Predicting Yelp Ratings
Overview
Running a restaurant in New York City, or any city for that matter, is exceptionally difficult.
The board of a major restaurant group has approached me and wants to open up a new restaurant in the country. They don’t really know what they want to open but are confident that their chefs will create an appropriate menu that will satisfy all palates.
Though they are seasoned veterans in the restaurant business, their presence in media has been less than average, but they know that Yelp Reviews are extremely important. They have created a few Michelin Star restaurants in the past.
They tasked me to identify the most important factors a restaurant should keep in mind to maximize public performance.
#Methodology The world of restaurants ratings can be broken down into 3 groups:
- High-tier review guides such as Michelin that come out every year.
- Mid-tier review publications such as Zagat, Infatuation that review on a rolling basis
- Low-tier crowd-sourcing ratings and reviews such as Yelp or TripAdvisor, which are posted on a fairly frequent basis.
Taking a top down approach, I will pull my dataset based off of the Michelin Guide, and combine that with Zagat and Yelp reviews.
This is a linear regression problem, so I will establish the dependent continuous variable as an average Yelp Rating.
Tools that will be leveraged include BeautifulSoup, Selenium for data scraping, and statsmodels, Sci-kit learn for regression modeling.
Obtaining the data
Michelin Stars
The Michelin Guide is a great website to use BeautifulSoup.

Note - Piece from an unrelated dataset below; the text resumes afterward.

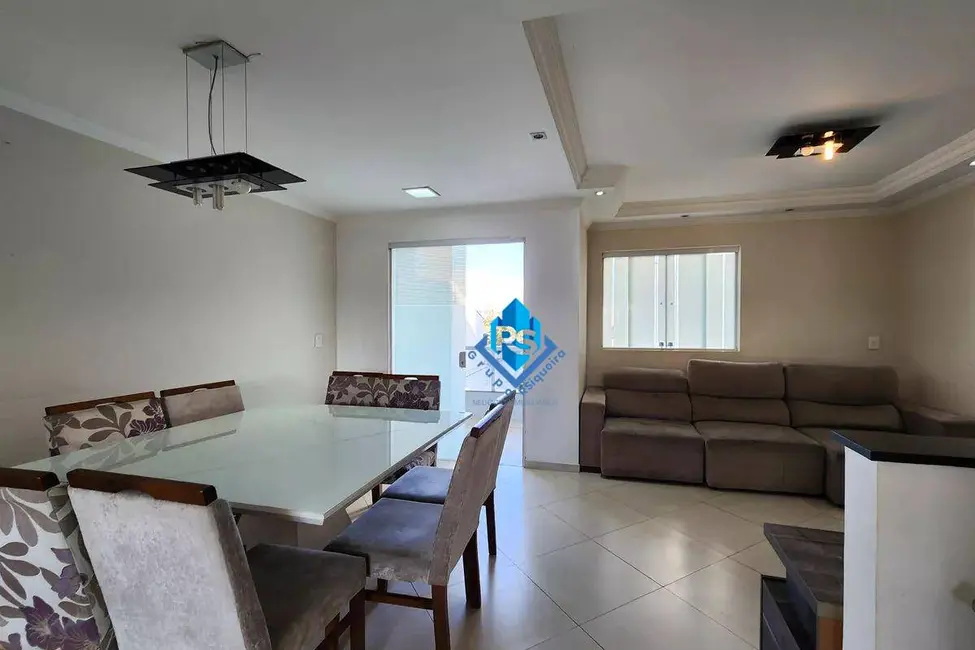 Foto 8 de Casa com 2 quartos à venda, 170m2 em Sao Bernardo Do Campo - SP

After scraping the site for individual restaurant links, I ran a function that goes through each link and outputs a list of metrics I want to use.
import requests
from bs4 import BeautifulSoup
import pandas as pd
import numpy as np
def michelin_information(master):
michelin_dictionary=[]
#Goes through each link and scrapes the key information
for links in master:
clean_entry=[]
restaurant_page=links
response = requests.get(restaurant_page)
text = response.text
soup = BeautifulSoup(text,"html5lib")
header=header[0:-2]
cuisine= soup.find(class_="content-header-desc__detail content-header-desc__cuisine").find('a').text
neighborhood= soup.find(class_="content-header-desc__detail content-header-desc__area").find('a').text
characteristics = soup.find(class_='v-content__restaurant-criteria').find_all(class_="restaurant-criteria__icon")
distinction = characteristics[0].text
classification = characteristics[1].text
price=characteristics[-1].text
description = str(soup.find(class_='restaurant-desc').text)
address= soup.find(class_='location-item__desc').find_all('p')[1].text
entry=[header, cuisine, neighborhood, distinction, classification, price, description,address]
michelin_dictionary += [clean_entry]
return michelin_dictionary
Zagat reviews
Zagat.com has a fairly unwieldy search function and does not work well with BeautifulSoup. Instead, I used Selenium and Google Search to find the Zagat reviews. It should be noted that about 15% of the links did not direct me to the actual restaurant review page, and Selenium would sometimes skip over the entry even though the entry existed. After receiving the first pass of data, I ran the function again to fill up the skipped entries.